• **YOUR ASSIGNMENT**
Among the entries below, only the lines starting at the one with "迪士尼童装女童套装t恤裙子两件套2024夏装韩版女孩衣服中大童运动" and ending at the one with "EDELL 100% 925", both included, are to be printed exactly.

• **THE DATA**
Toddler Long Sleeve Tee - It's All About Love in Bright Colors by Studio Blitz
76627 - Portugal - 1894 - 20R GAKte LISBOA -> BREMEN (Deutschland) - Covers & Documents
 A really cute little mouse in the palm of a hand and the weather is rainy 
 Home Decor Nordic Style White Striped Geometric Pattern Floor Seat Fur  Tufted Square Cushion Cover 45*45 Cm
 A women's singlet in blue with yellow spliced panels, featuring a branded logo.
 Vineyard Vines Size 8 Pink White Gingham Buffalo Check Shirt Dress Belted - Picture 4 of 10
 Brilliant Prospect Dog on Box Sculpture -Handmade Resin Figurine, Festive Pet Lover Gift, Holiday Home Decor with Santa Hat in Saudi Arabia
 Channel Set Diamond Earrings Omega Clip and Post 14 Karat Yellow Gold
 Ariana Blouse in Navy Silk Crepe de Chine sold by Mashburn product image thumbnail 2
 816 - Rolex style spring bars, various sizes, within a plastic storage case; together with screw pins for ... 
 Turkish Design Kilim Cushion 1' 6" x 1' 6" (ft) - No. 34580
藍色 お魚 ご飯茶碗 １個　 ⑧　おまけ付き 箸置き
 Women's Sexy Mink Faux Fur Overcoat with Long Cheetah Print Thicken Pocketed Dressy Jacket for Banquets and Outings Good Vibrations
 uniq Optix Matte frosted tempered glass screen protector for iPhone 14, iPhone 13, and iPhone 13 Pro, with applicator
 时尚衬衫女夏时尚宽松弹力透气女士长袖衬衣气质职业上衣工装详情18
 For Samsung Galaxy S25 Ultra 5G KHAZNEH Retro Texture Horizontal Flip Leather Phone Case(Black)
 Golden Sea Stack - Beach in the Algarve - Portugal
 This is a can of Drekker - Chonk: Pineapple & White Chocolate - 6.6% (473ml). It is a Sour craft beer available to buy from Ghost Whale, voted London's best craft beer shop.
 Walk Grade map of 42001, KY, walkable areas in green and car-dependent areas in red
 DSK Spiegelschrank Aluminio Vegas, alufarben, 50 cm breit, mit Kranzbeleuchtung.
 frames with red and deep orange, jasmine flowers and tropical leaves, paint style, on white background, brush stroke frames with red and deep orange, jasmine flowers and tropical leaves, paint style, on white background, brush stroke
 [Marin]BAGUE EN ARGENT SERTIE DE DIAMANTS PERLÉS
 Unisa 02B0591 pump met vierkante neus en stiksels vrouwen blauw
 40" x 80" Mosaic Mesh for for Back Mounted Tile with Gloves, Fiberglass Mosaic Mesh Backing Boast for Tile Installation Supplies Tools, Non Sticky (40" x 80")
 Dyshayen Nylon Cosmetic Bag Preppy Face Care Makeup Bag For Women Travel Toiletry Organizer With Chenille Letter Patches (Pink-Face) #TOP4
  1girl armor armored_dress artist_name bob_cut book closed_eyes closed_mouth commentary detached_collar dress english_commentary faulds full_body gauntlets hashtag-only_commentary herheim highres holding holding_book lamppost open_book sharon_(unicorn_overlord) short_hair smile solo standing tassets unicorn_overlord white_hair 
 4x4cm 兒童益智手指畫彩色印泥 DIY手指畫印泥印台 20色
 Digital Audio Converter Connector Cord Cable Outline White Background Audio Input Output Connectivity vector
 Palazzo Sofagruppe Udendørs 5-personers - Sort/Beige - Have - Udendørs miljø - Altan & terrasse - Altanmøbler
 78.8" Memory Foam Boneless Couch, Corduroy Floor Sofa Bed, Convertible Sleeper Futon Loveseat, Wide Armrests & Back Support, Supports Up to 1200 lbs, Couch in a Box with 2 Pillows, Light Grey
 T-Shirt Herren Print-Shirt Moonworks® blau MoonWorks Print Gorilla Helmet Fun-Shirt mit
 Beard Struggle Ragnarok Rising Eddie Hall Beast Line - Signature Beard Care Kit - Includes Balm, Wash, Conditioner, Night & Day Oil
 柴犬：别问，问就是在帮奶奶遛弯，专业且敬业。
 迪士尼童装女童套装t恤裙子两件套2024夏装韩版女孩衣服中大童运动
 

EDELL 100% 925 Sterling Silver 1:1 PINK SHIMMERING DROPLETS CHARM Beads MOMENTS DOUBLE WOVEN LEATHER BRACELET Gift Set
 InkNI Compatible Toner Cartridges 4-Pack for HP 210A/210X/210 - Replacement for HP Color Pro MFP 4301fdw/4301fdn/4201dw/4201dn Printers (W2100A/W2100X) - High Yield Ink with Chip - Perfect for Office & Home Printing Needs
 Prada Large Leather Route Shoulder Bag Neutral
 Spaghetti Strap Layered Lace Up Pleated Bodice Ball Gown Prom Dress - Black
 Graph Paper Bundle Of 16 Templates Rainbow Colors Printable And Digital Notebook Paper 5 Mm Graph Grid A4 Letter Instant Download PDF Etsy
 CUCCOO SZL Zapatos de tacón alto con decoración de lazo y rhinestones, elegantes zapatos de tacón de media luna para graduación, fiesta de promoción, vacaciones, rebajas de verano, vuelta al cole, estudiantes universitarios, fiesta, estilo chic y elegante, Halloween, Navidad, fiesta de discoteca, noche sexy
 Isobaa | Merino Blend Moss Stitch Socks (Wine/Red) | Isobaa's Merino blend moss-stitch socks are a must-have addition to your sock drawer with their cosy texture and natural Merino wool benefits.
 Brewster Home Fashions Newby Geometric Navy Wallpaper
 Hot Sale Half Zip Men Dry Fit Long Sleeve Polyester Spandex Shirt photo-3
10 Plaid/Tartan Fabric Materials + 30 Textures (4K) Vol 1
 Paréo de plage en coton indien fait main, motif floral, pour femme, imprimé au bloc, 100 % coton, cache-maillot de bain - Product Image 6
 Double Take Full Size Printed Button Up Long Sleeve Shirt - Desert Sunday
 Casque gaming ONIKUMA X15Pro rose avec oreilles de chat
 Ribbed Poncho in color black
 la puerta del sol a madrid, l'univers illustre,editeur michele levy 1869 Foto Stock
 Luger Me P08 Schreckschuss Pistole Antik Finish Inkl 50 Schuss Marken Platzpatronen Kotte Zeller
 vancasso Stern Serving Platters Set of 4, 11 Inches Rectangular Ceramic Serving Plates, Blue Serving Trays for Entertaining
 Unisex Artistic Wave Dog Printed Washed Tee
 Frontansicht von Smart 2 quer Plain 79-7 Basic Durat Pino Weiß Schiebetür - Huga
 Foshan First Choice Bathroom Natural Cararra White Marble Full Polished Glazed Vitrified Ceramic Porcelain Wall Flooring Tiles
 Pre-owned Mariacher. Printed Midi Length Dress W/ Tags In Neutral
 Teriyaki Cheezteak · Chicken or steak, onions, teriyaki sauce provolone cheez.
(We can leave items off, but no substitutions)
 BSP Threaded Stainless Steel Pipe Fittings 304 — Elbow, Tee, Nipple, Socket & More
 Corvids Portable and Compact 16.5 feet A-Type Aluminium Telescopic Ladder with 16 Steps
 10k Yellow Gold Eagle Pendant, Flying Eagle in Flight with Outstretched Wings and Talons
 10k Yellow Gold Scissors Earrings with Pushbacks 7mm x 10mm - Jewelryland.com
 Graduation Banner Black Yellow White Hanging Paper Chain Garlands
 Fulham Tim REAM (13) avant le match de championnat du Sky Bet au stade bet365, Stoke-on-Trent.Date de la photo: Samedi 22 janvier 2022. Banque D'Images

• **TASK ANSWER**
 迪士尼童装女童套装t恤裙子两件套2024夏装韩版女孩衣服中大童运动
 

EDELL 100% 925 Sterling Silver 1:1 PINK SHIMMERING DROPLETS CHARM Beads MOMENTS DOUBLE WOVEN LEATHER BRACELET Gift Set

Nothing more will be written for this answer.